1Break My Heart Again

Disclaimer- Well...since all this is mine...I own nothing anyways.

Foreword- Just a REALLY short little fic I wrote about Emma and Hiei. Once again, trying to work on my descriptive writing. I hope you enjoy!

I don't know how I can stand it.

I told myself that it wouldn't matter to me weather or not you could return my feelings or not. I was lying to myself. I can't stand it. I don't know how long I can be content to follow after you, to watch you from a distance. To hide the inner pain with laughter and smiles.

Every time you act like you love me, only to turn around and hurt me, I don't know what to do. I want to scream, I want to cry, I want to be mad at you, I want to hate you.

But I can't.

I should have listened to my mother. I should've left you when my heart wasn't bound to you. She said I could do so much better then you, that you'd only bring me pain and suffering.

It hurts. It does. To know, that you know my feelings, but you never say anything. You act completly oblivious.

You jerk me around, like a puppet. I try not to cry, try not to let it hurt, Try to shake it off. Try to tell myself that you don't mean it.

I have trouble doing it now.

I have no doubt that I love you. I have no doubt I'll continue to love you, untill I breath my last. But, I don't know how long I can be with you, as constant and faithful as a puppy.

Being around you rips my heart to shreds. It hurts to watch you, shielding yourself from everything, everyone, refusing to let anyone through the walls you've built.

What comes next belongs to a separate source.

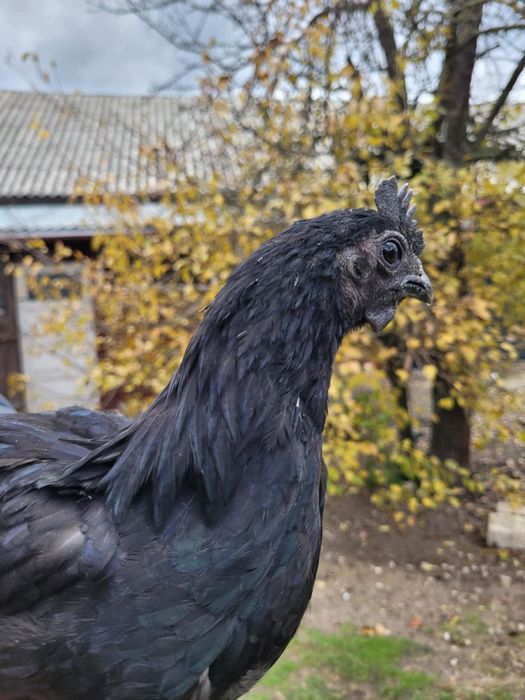 Kogut ayam cemani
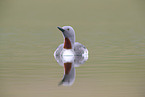 red-throated diver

I want nothing more then to break the walls, to go and help you. I want to be there for you when you're sad, when you're angry, when you're scared.

But you push me away.

You don't have to be alone. Why can't you just see? It breaks my heart time and time again to see you try to carry the burden on your own.

I just want to help. I want you to let me love you. My own heart can take so much more, this abuse has only made it numb. It still hurts, but I look through it, keeping my eyes on you.

I can't leave you. You may call me worthless, stupid, ignorant, but I still stay. I follow when you tell me to leave.

And I still follow you, and you break my heart again.